Custom Serialisation and Deserialisation
Pony objects can have Pointer
fields that store pointers to memory that contains things that are opaque to Pony but that may be useful to code that is called via FFI. Because the objects that Pointer
fields point to are opaque, Pony cannot serialise and deserialise them by itself. However, Pony's serialisation system provides a way for the programmer to specify how the objects pointed to by these fields should be serialised and deserialised. This system is called custom serialisation.
Since Pointer
fields are opaque to Pony, it is assumed that the serialisation and deserialisation code will be written in another language that knows how to read the object referenced by the pointers.
Custom Serialisation
In order to serialise an object from a pointer field, Pony needs to know how much space to set aside for that object and how to write a representation of that object into the reserved space. The programmer must provide two methods on the object:
fun _serialise_space(): USize
-- This method returns the number of bytes that must be reserved for the object.fun _serialise(bytes: Pointer[U8] tag)
-- This method receives a pointer to the memory that has been set aside for serialising the object. The programmer must not write more bytes than were returned by the_serialise_space
method.
Custom Deserialisation
Custom deserialisation is handled by a fun ref _deserialise(bytes: Pointer[U8] tag)
method. This method receives a pointer to the character array that stores the serialised representation of the object (or objects) that the Pointer
fields should point to. The programmer must copy out any bytes that will be used by the deserialised object.
The custom deserialization method is expected to modify the values of the objects Pointer
fields, so the fields must be declared var
so that they can be modified.
Considerations
Fixed Versus Variable Object Sizes
The programmer must write their custom serialisation and deserialisation code in such a way that it is aware of how many bytes are available in the byte arrays that are passed to the methods. If the objects are always of a fixed size then the functions can read and write than many bytes to the buffer. However, if the objects are of varying sizes (for example, if the object was a string), then the serialized representation must include information that the deserialisation code can use to ensure that it does not read beyond the end of the memory occupied by the object. The custom serialisation system does not provide a mechanism for doing this, so it is up to the program to choose a mechanism and implement it. In the case of a string, the serialisation format could consist of a 4-byte header that encodes the length of the string, followed by a string of the specified length. This additional four bytes must be included in the value returned by _serialise_space()
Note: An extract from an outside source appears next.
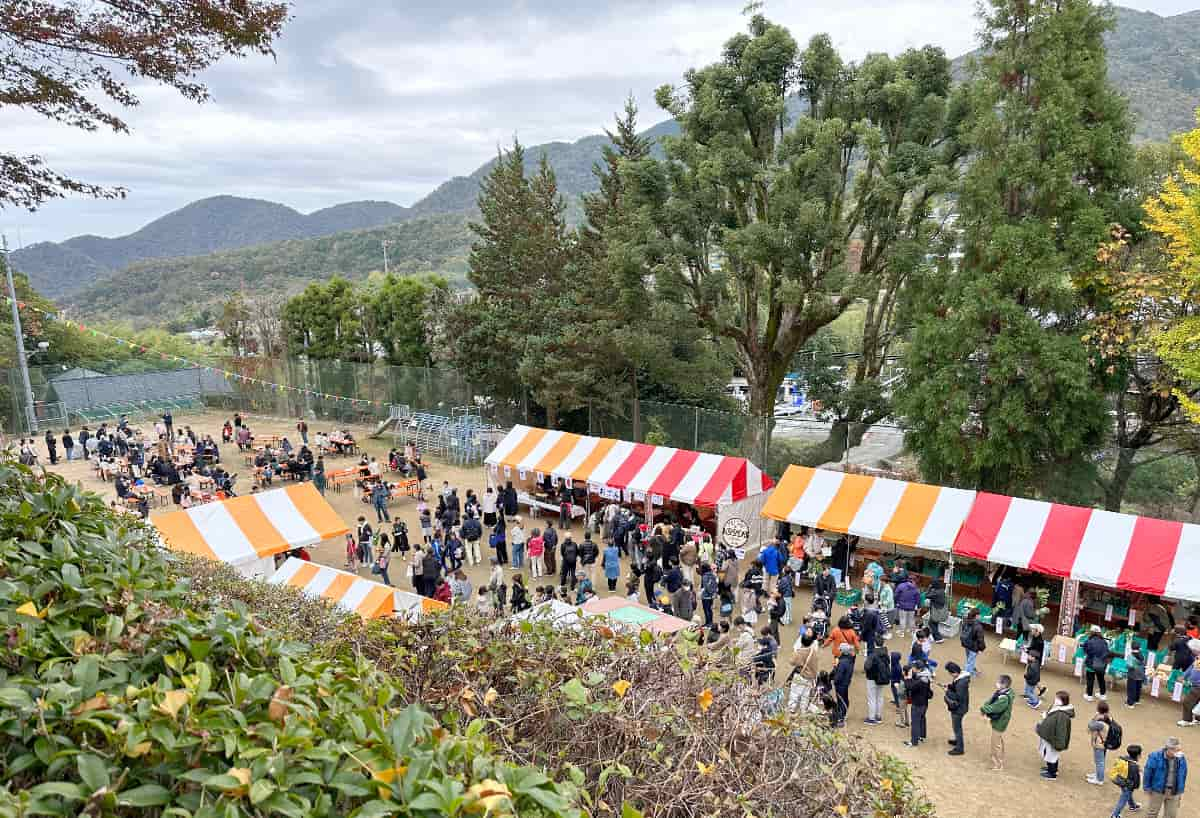 色鮮やかな紅葉とともに船坂の美味しいものを満喫♪「船坂マルシェ」 西宮市 [画像]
. The deserialisation function would then start by reading the first four bytes of the array to obtain the size of the string and then read only that many bytes from the array.
Classes With Multiple Pointer
Fields
If a class has more than one Pointer
field then all of those fields must be handled by the custom serialisation and deserialisation methods for that class; there are not methods for each field. For example, if a class has three Pointer
fields then the _serialise_space()
method must return the total number of bytes required to serialise the objects from all three fields.
Example
Assume we have a Pony class with a field that is a pointer to a C string. We would like to be able to serialise and deserialise this object. In order to do that, the Pony class implements the methods _serialise_space(...)
, _serialise(...)
, and _deserialise(...)
. These methods, in turn, call C functions that calculate the number of bytes needed to serialise the string and serialise and deserialise it. In this example the serialised string is represented by a four-byte big-endian number that represents the length of the string, followed by the string itself without the terminating null. So if the C string is hello world\0
then the serialised string is \0x00\0x00\0x00\0x0Bhello world
(where the first four bytes of the serialised string are a big-endian representation of the number 0x0000000B
, which is 11
).
use "serialise"
use "lib:custser"
class CStringWrapper
var _cstr: Pointer[U8] tag
new create(cstr: Pointer[U8] tag) =>
_cstr = cstr
fun _serialise_space(): USize =>
@serialise_space[USize](_cstr)
fun _serialise(bytes: Pointer[U8] tag) =>
@serialise[None](bytes, _cstr)
fun ref _deserialise(bytes: Pointer[U8] tag) =>
_cstr = @deserialise[Pointer[U8] tag](bytes)
fun print() =>
@printf[I32](_cstr)
actor Main
new create(env: Env) =>
let csw = CStringWrapper(@get_string[Pointer[U8]]())
csw.print()
try
let ambient = env.root as AmbientAuth
let serialise = SerialiseAuth(ambient)
let deserialise = DeserialiseAuth(ambient)
let sx = Serialised(serialise, csw)?
let y = sx(deserialise)? as CStringWrapper
y.print()
else
env.err.print("there was an error")
end
// custser.c
#include <stdlib.h>
#include <string.h>
extern char *get_string()
{
return "hello world\n";
}
extern size_t serialise_space(char *s)
{
// space for the size and the string (without the null)
return 4 + strlen(s);
}
extern void serialise(char *buff, char *s)
{
size_t sz = strlen(s);
unsigned char *ubuff = (unsigned char *) buff;
// write the size as a 32-bit big-endian integer
ubuff[0] = (sz >> 24) & 0xFF;
ubuff[1] = (sz >> 16) & 0xFF;
ubuff[2] = (sz >> 8) & 0xFF;
ubuff[3] = sz & 0xFF;
// copy the string
strncpy(buff + 4, s, sz);
}
extern char *deserialise(char *buff)
{
unsigned char *ubuff = (unsigned char *) buff;
size_t sz = (ubuff[0] << 24) + (ubuff[1] << 16) + (ubuff[2] << 8) + ubuff[3];
char *s = malloc(sizeof(char) * sz + 1);
memcpy(s, buff + 4, sz);
s[sz] = '\0';
return s;
}